Content starts
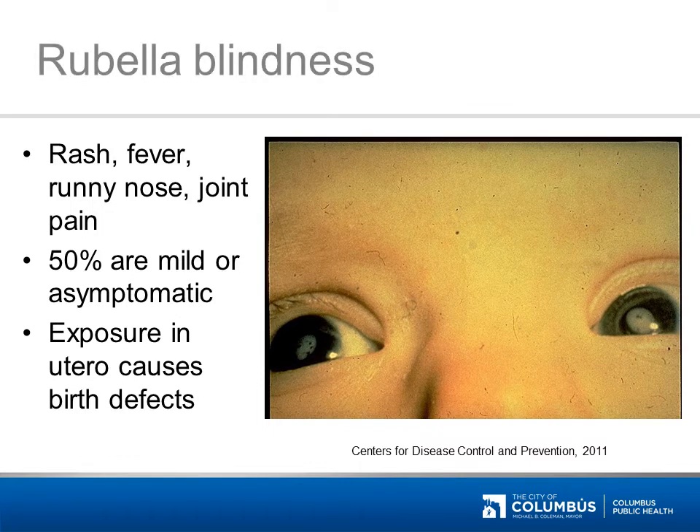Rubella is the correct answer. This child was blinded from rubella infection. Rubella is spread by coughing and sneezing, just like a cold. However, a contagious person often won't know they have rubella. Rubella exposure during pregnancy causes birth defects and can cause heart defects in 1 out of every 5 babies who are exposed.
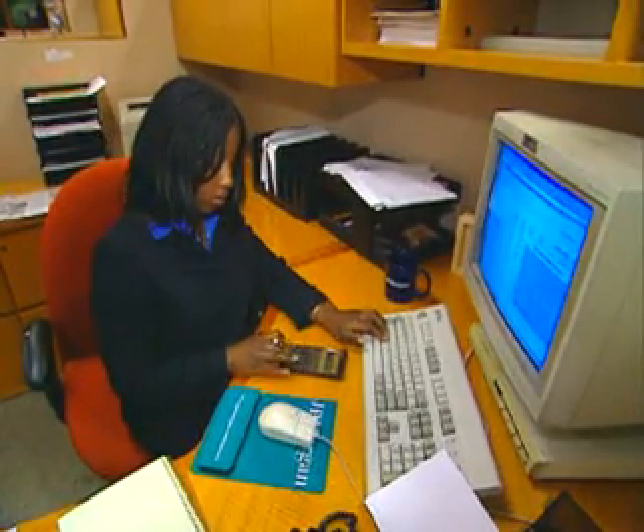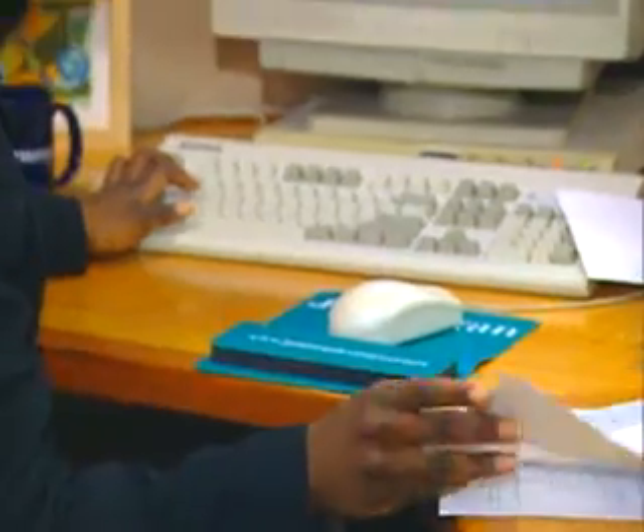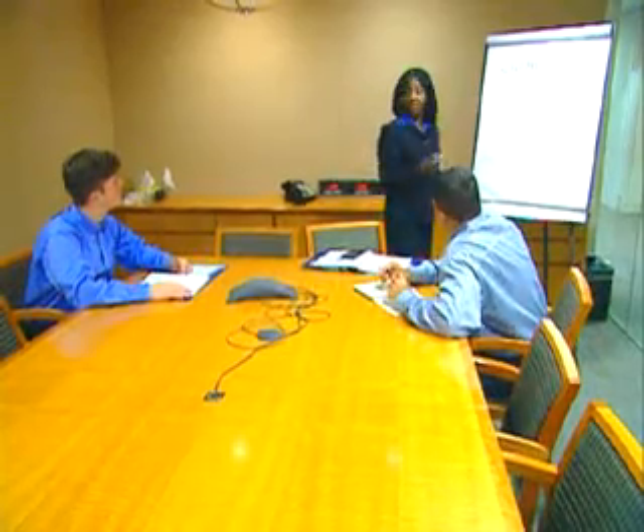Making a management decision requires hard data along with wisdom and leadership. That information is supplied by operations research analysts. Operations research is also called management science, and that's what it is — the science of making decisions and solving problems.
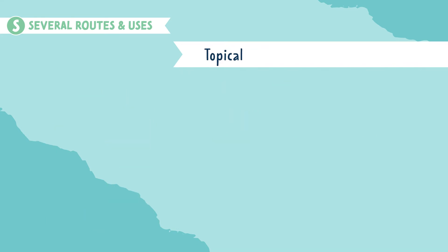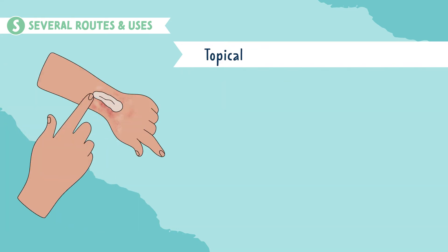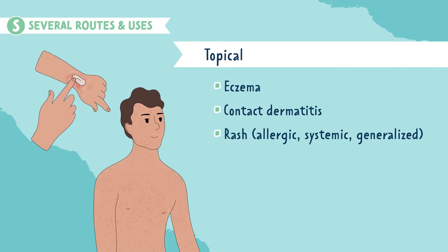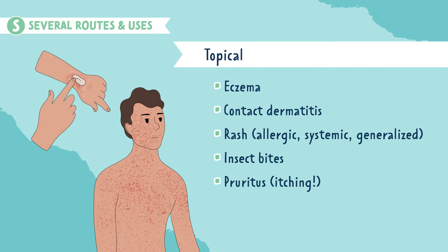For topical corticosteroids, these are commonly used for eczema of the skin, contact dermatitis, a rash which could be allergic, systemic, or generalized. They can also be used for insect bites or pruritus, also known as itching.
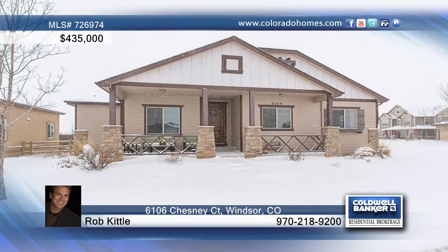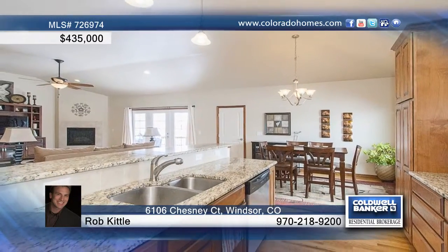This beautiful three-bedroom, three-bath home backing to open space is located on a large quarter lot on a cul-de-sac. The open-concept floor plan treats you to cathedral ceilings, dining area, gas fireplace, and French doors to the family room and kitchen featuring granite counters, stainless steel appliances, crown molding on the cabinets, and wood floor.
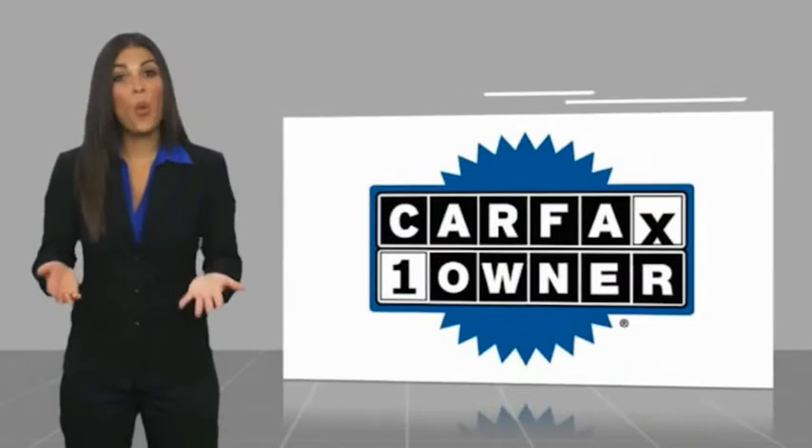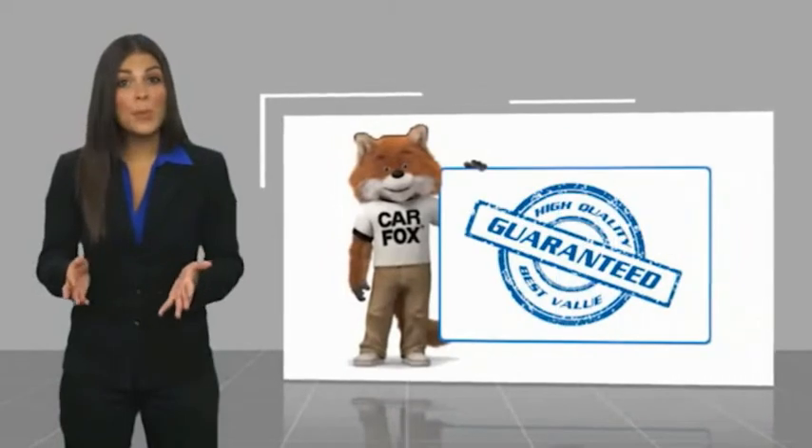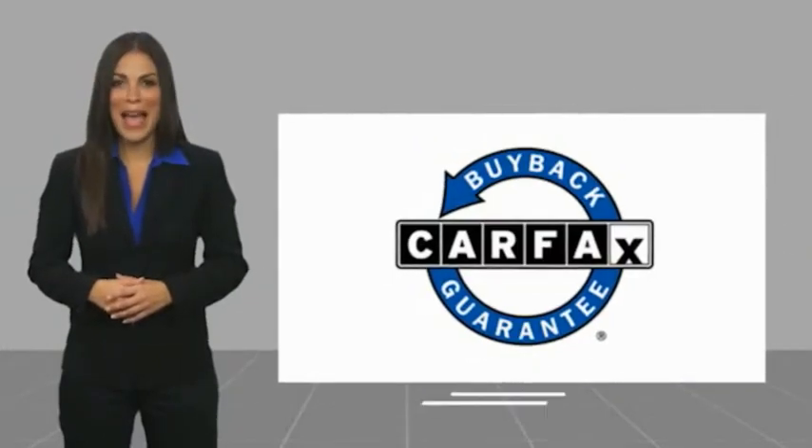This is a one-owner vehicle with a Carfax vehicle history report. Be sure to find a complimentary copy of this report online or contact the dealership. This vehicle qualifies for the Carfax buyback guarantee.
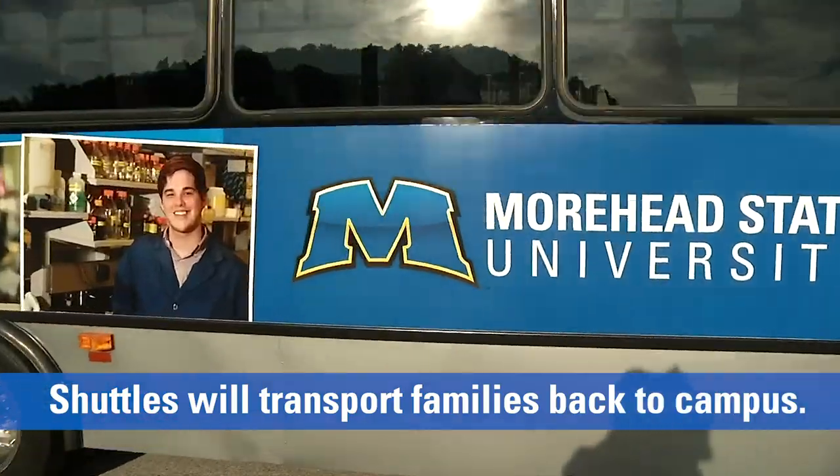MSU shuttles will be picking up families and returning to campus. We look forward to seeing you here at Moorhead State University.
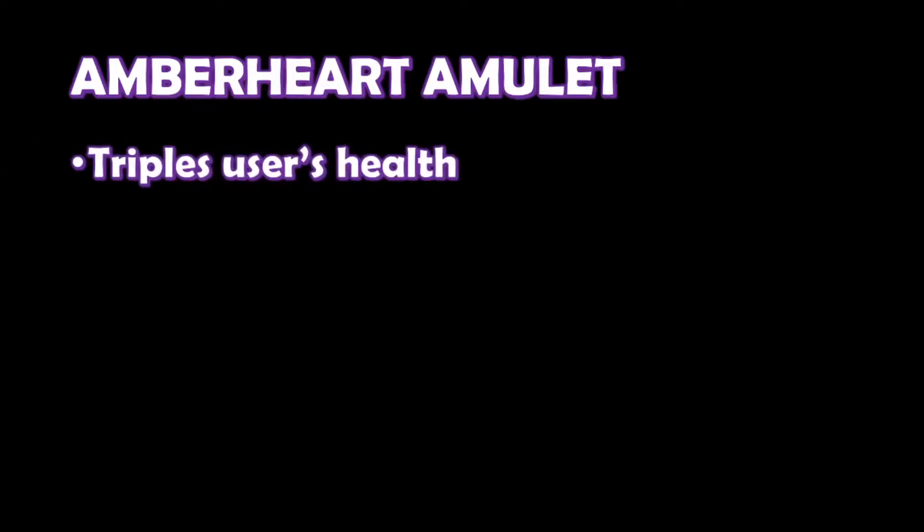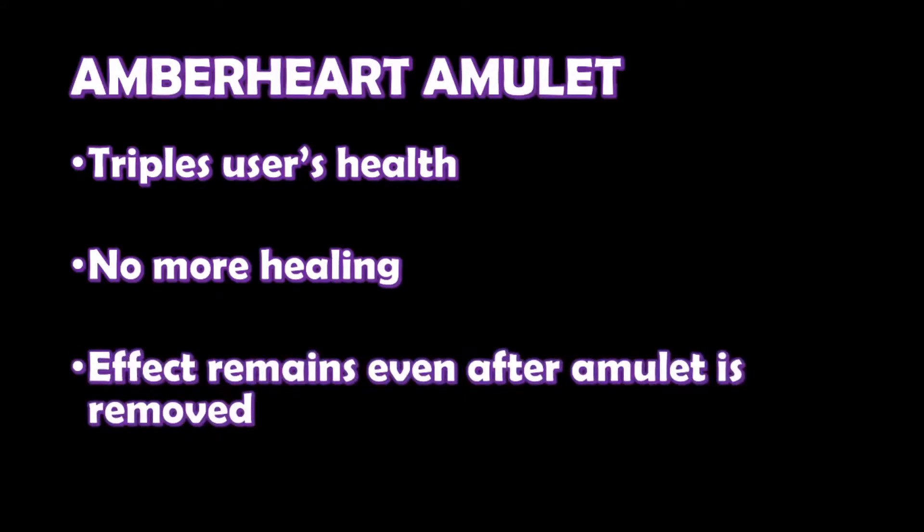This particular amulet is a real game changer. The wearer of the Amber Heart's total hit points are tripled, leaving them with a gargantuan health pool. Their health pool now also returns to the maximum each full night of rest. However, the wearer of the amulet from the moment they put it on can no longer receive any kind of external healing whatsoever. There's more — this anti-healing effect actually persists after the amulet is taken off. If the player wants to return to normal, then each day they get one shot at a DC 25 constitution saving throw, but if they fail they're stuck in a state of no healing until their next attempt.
Content ends
## [THE PROBLEM]
Reproduce exactly the lines of the data above that run from the line with "For topical corticosteroids, these" down to the line with "MSU shuttles will", both ends included. Pictures do not belong in the copy.

## [PROBLEM SOLUTION]
For topical corticosteroids, these are commonly used for eczema of the skin, contact dermatitis, a rash which could be allergic, systemic, or generalized. They can also be used for insect bites or pruritus, also known as itching.
This beautiful three-bedroom, three-bath home backing to open space is located on a large quarter lot on a cul-de-sac. The open-concept floor plan treats you to cathedral ceilings, dining area, gas fireplace, and French doors to the family room and kitchen featuring granite counters, stainless steel appliances, crown molding on the cabinets, and wood floor.
This is a one-owner vehicle with a Carfax vehicle history report. Be sure to find a complimentary copy of this report online or contact the dealership. This vehicle qualifies for the Carfax buyback guarantee.
MSU shuttles will be picking up families and returning to campus. We look forward to seeing you here at Moorhead State University.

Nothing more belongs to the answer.